How The Next Generation Relates

Haaretz reports on the latest Jewish Funders Network conference and the delivery of two new papers on identity and affiliation.

There are two faces to the younger generation, which was among the focuses of the conference: the young generation of “givers,” which is gradually taking the reins from their aging parents, and the young generation of “receivers” – young Jews throughout America (and the rest of the world), whom the givers and the professionals are now seeking to attract. It is a generation that does not go to synagogue, marries late and not always with Jews, is less bonded to Israel, is connected to the American culture and feels safe and comfortable in it.

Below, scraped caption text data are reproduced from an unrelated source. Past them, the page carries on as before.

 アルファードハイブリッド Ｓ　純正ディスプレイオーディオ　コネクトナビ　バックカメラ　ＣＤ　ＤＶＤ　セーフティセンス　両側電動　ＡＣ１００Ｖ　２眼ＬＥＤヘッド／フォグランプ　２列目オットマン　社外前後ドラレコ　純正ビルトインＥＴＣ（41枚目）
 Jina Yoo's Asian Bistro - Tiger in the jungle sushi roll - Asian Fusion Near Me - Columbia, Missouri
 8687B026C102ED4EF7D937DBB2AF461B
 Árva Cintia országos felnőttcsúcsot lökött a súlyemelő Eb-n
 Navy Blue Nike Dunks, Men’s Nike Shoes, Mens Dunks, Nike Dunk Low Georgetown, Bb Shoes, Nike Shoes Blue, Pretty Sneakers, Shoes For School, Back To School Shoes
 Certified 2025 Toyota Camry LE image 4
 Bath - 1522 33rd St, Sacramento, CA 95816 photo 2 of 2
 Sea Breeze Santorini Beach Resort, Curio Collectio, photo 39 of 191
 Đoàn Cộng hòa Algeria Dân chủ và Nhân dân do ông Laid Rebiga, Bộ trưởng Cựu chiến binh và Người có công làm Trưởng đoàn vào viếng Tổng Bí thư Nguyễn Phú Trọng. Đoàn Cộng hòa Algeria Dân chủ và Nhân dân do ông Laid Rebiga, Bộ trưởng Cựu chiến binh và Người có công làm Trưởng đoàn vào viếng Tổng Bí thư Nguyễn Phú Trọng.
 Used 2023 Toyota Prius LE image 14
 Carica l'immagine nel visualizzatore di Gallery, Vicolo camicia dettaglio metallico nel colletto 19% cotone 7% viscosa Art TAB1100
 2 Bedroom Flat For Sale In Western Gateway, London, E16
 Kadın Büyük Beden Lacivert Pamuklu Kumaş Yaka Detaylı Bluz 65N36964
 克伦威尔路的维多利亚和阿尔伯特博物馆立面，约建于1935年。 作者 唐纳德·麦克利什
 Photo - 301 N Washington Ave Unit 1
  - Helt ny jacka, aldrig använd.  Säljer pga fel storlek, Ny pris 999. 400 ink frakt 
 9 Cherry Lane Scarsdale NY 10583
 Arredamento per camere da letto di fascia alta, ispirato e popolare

This is the Jewish-American generation, as researcher Anna Greenberg termed it, whose Judaism is important, but not necessarily most important, to it.
[…] On this point, one should go and check Greenberg’s data. When she asked young people what it means to them to be Jewish, she got the following responses, in this order: remembering the Shoah (a great deal – 73 percent, a fair amount – 89 percent); making the world a better place (82 percent, 64 percent); living a moral lifestyle (80 percent, 63 percent); understanding Jewish history (58 percent, 84 percent); learning about Jewish culture (83 percent, 57 percent); and so on. These findings are being studied by donors, in order to decide where and how much to invest. The upshot? A move to donate more to cultural activities and projects that are related to tikkun olam – repairing the world.
Ari Kelman, who also presented the initial results of research he conducted with Columbia University’s Prof. Steven Cohen, on the activities of young Jews in New York, enumerated a few requisite parameters: Young people prefer their activities to be fun, cultural and social (not religious). They also think one shouldn’t go overboard on the seriousness. America is now seeing a proliferation of literary salons on Jewish matters, dance parties, clubs and even a new subversive magazine called “Guilt and Pleasure” – everything outside the bounds of the “old” Jewish establishment that was supported by the big federations, synagogues and community centers.

I mean, apart from that utter nonsense about Guilt and Pleasure being subversive and coming from outside the establishment, and the various other examples of bad journalism or utter ignorance and unfamiliarity with these subjects spotted throughout the piece, it’s an article well-worth reading, so please do, continue reading. See also: Reboot’s The Latte Report.

One thought on “How The Next Generation Relates

  1. you’d think they would do something that didnt reak of the ethnography of the 18th century, weird. any oral histories available on the internet? like a biography of a jewish boy from down your block, who likes tacos and ben katchor? who is gonna figure us the youth out?